Exercise: Identical copies of all the records below are needed.

Recorded data
■ ■ ■ ■

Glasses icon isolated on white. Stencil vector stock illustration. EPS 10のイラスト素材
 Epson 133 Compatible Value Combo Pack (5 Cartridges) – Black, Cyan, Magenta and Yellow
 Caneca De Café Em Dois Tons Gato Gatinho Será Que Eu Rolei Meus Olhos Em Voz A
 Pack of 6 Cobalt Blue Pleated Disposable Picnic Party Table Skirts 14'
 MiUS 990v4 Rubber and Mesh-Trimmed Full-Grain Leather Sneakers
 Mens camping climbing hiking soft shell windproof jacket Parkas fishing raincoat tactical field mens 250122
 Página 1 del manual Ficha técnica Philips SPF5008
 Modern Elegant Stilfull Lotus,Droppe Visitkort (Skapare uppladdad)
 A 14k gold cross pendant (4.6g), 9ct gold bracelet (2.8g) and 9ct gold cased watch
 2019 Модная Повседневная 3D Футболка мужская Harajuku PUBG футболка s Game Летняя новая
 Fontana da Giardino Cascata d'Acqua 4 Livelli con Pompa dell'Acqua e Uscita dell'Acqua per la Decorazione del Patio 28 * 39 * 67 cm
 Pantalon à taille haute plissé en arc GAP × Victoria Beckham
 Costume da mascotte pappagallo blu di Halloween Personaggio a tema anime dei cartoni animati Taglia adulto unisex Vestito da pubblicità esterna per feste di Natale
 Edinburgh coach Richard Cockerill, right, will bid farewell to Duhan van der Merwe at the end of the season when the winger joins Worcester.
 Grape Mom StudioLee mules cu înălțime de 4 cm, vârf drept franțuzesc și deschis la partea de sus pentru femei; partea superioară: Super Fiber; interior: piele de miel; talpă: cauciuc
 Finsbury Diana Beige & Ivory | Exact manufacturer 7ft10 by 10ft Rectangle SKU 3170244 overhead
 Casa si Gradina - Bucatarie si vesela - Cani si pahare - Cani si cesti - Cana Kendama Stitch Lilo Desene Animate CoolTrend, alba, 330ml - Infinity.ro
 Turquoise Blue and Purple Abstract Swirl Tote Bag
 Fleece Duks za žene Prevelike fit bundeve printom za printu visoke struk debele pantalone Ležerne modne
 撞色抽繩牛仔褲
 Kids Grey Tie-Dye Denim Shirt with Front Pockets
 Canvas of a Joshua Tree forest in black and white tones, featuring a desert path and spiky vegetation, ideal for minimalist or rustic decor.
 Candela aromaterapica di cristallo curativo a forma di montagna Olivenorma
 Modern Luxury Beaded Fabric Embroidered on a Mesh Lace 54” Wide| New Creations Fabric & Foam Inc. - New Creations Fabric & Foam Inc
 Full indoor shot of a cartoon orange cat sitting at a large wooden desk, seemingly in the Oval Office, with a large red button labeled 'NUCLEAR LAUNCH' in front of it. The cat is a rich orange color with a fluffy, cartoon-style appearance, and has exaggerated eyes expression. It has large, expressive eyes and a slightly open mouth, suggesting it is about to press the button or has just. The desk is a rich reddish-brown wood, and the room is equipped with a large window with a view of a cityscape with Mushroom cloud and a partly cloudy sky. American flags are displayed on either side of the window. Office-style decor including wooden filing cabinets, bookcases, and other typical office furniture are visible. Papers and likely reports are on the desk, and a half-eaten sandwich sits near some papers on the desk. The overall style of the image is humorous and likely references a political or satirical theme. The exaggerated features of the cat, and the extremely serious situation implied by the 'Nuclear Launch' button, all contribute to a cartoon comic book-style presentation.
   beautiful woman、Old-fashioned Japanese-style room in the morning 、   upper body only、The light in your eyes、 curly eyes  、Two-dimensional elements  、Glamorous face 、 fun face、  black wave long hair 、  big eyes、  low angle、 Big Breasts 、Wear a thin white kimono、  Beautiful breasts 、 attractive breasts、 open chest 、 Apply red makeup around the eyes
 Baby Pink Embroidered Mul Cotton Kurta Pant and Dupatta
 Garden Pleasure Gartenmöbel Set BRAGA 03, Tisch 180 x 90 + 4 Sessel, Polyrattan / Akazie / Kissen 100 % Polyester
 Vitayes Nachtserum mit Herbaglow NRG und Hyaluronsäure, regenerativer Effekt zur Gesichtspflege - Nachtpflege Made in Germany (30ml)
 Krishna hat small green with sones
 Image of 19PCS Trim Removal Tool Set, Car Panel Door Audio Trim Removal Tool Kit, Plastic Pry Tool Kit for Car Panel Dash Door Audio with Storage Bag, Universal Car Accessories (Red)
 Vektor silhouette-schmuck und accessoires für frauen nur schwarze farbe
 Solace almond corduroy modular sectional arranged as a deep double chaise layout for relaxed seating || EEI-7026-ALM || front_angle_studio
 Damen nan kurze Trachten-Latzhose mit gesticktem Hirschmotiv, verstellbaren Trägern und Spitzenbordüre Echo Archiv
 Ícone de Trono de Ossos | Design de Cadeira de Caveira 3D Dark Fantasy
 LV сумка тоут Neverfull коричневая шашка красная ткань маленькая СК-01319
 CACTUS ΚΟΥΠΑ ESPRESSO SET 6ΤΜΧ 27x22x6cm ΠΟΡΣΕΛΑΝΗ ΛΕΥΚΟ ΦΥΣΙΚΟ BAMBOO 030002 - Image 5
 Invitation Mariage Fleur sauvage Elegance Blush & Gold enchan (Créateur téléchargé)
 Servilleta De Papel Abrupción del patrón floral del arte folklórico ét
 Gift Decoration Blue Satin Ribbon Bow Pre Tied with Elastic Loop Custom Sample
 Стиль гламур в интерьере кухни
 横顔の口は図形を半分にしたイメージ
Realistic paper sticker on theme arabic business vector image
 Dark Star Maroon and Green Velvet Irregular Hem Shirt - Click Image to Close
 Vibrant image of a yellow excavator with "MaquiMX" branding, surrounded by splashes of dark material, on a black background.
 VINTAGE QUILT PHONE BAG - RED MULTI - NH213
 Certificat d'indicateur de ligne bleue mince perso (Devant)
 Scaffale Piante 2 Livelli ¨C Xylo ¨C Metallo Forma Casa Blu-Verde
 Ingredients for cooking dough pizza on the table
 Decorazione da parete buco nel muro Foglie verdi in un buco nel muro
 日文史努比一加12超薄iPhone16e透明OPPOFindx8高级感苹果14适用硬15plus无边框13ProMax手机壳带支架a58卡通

■ ■ ■ ■

Completed exercise:
Glasses icon isolated on white. Stencil vector stock illustration. EPS 10のイラスト素材
 Epson 133 Compatible Value Combo Pack (5 Cartridges) – Black, Cyan, Magenta and Yellow
 Caneca De Café Em Dois Tons Gato Gatinho Será Que Eu Rolei Meus Olhos Em Voz A
 Pack of 6 Cobalt Blue Pleated Disposable Picnic Party Table Skirts 14'
 MiUS 990v4 Rubber and Mesh-Trimmed Full-Grain Leather Sneakers
 Mens camping climbing hiking soft shell windproof jacket Parkas fishing raincoat tactical field mens 250122
 Página 1 del manual Ficha técnica Philips SPF5008
 Modern Elegant Stilfull Lotus,Droppe Visitkort (Skapare uppladdad)
 A 14k gold cross pendant (4.6g), 9ct gold bracelet (2.8g) and 9ct gold cased watch
 2019 Модная Повседневная 3D Футболка мужская Harajuku PUBG футболка s Game Летняя новая
 Fontana da Giardino Cascata d'Acqua 4 Livelli con Pompa dell'Acqua e Uscita dell'Acqua per la Decorazione del Patio 28 * 39 * 67 cm
 Pantalon à taille haute plissé en arc GAP × Victoria Beckham
 Costume da mascotte pappagallo blu di Halloween Personaggio a tema anime dei cartoni animati Taglia adulto unisex Vestito da pubblicità esterna per feste di Natale
 Edinburgh coach Richard Cockerill, right, will bid farewell to Duhan van der Merwe at the end of the season when the winger joins Worcester.
 Grape Mom StudioLee mules cu înălțime de 4 cm, vârf drept franțuzesc și deschis la partea de sus pentru femei; partea superioară: Super Fiber; interior: piele de miel; talpă: cauciuc
 Finsbury Diana Beige & Ivory | Exact manufacturer 7ft10 by 10ft Rectangle SKU 3170244 overhead
 Casa si Gradina - Bucatarie si vesela - Cani si pahare - Cani si cesti - Cana Kendama Stitch Lilo Desene Animate CoolTrend, alba, 330ml - Infinity.ro
 Turquoise Blue and Purple Abstract Swirl Tote Bag
 Fleece Duks za žene Prevelike fit bundeve printom za printu visoke struk debele pantalone Ležerne modne
 撞色抽繩牛仔褲
 Kids Grey Tie-Dye Denim Shirt with Front Pockets
 Canvas of a Joshua Tree forest in black and white tones, featuring a desert path and spiky vegetation, ideal for minimalist or rustic decor.
 Candela aromaterapica di cristallo curativo a forma di montagna Olivenorma
 Modern Luxury Beaded Fabric Embroidered on a Mesh Lace 54” Wide| New Creations Fabric & Foam Inc. - New Creations Fabric & Foam Inc
 Full indoor shot of a cartoon orange cat sitting at a large wooden desk, seemingly in the Oval Office, with a large red button labeled 'NUCLEAR LAUNCH' in front of it. The cat is a rich orange color with a fluffy, cartoon-style appearance, and has exaggerated eyes expression. It has large, expressive eyes and a slightly open mouth, suggesting it is about to press the button or has just. The desk is a rich reddish-brown wood, and the room is equipped with a large window with a view of a cityscape with Mushroom cloud and a partly cloudy sky. American flags are displayed on either side of the window. Office-style decor including wooden filing cabinets, bookcases, and other typical office furniture are visible. Papers and likely reports are on the desk, and a half-eaten sandwich sits near some papers on the desk. The overall style of the image is humorous and likely references a political or satirical theme. The exaggerated features of the cat, and the extremely serious situation implied by the 'Nuclear Launch' button, all contribute to a cartoon comic book-style presentation.
   beautiful woman、Old-fashioned Japanese-style room in the morning 、   upper body only、The light in your eyes、 curly eyes  、Two-dimensional elements  、Glamorous face 、 fun face、  black wave long hair 、  big eyes、  low angle、 Big Breasts 、Wear a thin white kimono、  Beautiful breasts 、 attractive breasts、 open chest 、 Apply red makeup around the eyes
 Baby Pink Embroidered Mul Cotton Kurta Pant and Dupatta
 Garden Pleasure Gartenmöbel Set BRAGA 03, Tisch 180 x 90 + 4 Sessel, Polyrattan / Akazie / Kissen 100 % Polyester
 Vitayes Nachtserum mit Herbaglow NRG und Hyaluronsäure, regenerativer Effekt zur Gesichtspflege - Nachtpflege Made in Germany (30ml)
 Krishna hat small green with sones
 Image of 19PCS Trim Removal Tool Set, Car Panel Door Audio Trim Removal Tool Kit, Plastic Pry Tool Kit for Car Panel Dash Door Audio with Storage Bag, Universal Car Accessories (Red)
 Vektor silhouette-schmuck und accessoires für frauen nur schwarze farbe
 Solace almond corduroy modular sectional arranged as a deep double chaise layout for relaxed seating || EEI-7026-ALM || front_angle_studio
 Damen nan kurze Trachten-Latzhose mit gesticktem Hirschmotiv, verstellbaren Trägern und Spitzenbordüre Echo Archiv
 Ícone de Trono de Ossos | Design de Cadeira de Caveira 3D Dark Fantasy
 LV сумка тоут Neverfull коричневая шашка красная ткань маленькая СК-01319
 CACTUS ΚΟΥΠΑ ESPRESSO SET 6ΤΜΧ 27x22x6cm ΠΟΡΣΕΛΑΝΗ ΛΕΥΚΟ ΦΥΣΙΚΟ BAMBOO 030002 - Image 5
 Invitation Mariage Fleur sauvage Elegance Blush & Gold enchan (Créateur téléchargé)
 Servilleta De Papel Abrupción del patrón floral del arte folklórico ét
 Gift Decoration Blue Satin Ribbon Bow Pre Tied with Elastic Loop Custom Sample
 Стиль гламур в интерьере кухни
 横顔の口は図形を半分にしたイメージ
Realistic paper sticker on theme arabic business vector image
 Dark Star Maroon and Green Velvet Irregular Hem Shirt - Click Image to Close
 Vibrant image of a yellow excavator with "MaquiMX" branding, surrounded by splashes of dark material, on a black background.
 VINTAGE QUILT PHONE BAG - RED MULTI - NH213
 Certificat d'indicateur de ligne bleue mince perso (Devant)
 Scaffale Piante 2 Livelli ¨C Xylo ¨C Metallo Forma Casa Blu-Verde
 Ingredients for cooking dough pizza on the table
 Decorazione da parete buco nel muro Foglie verdi in un buco nel muro
 日文史努比一加12超薄iPhone16e透明OPPOFindx8高级感苹果14适用硬15plus无边框13ProMax手机壳带支架a58卡通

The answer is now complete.